Many kids — or young adults — are beginning adulthood and contemplating their options from the comforts of home. In 2016, millennials — those ages 18 to 34 — will relax in the nest of their mom and dad.
Today, there are more millennials living at home than there were during the depths of the Great Recession, according to a 2015 Pew Research Center analysis of U.S. Census Bureau data. This affects not only parents but the nation’s housing market recovery and construction industry, too, as well as ancillary purchases that accompany new homes such as electricity, cable, and home furnishings.
But mom and dad might well have a millennial in one bedroom and a senior parent in the next.
Pew Research reported that most adult Americans say that one of their family members is caring for an aging parent. And the Bureau of Labor Statistics says there are 40.4 million unpaid caregivers of adults ages 65 and older — another factor that greatly affects consumer choices and spending power.
This trend will only increase as our population grows older. The Administration on Aging says that people 65 years or older numbered 44.7 million in 2013, the latest year for which data is available. They represented 14.1 percent of the U.S. population, about 1 in every 7 Americans.
By 2060, there will be about 98 million older people, more than twice the number in 2013. People 65 and older represented 14.1 percent of the population in the year 2013, but are expected to grow to be 21.7 percent of the population by 2040.

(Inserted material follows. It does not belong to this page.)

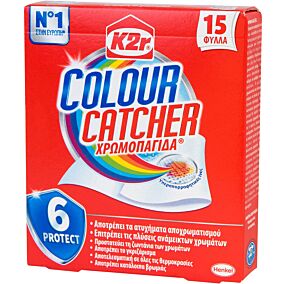 Χρωμοπαγίδα COLOUR CATCHER (15τεμ.)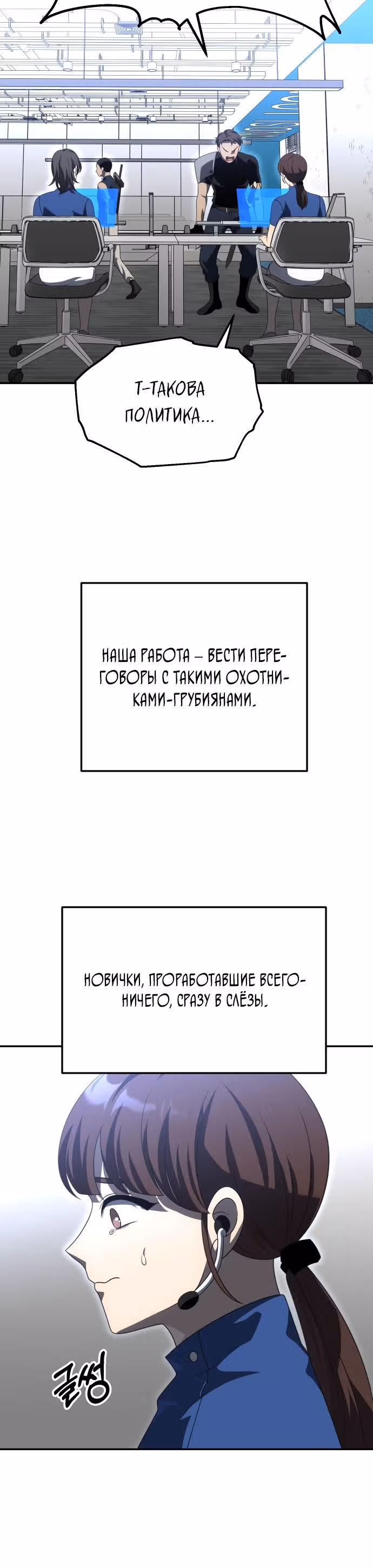 Я был финальным боссом башни — Том 1 · Глава 58, страница 16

This translates into an increasing, and unprecedented, need for aging services and caregivers. We are still good at looking out for one another: 17 percent of adults age 65 and older are caring for another aging adult, with 33 percent of those being a friend or neighbor.
What will this mean for families that have to increasingly spend more of their time and resources caring for others?
“As I found consistently from other experts I talked to in writing ‘Broken Bonds,’ we’re still a successful nation — but not as successful,” said author Pearlstein.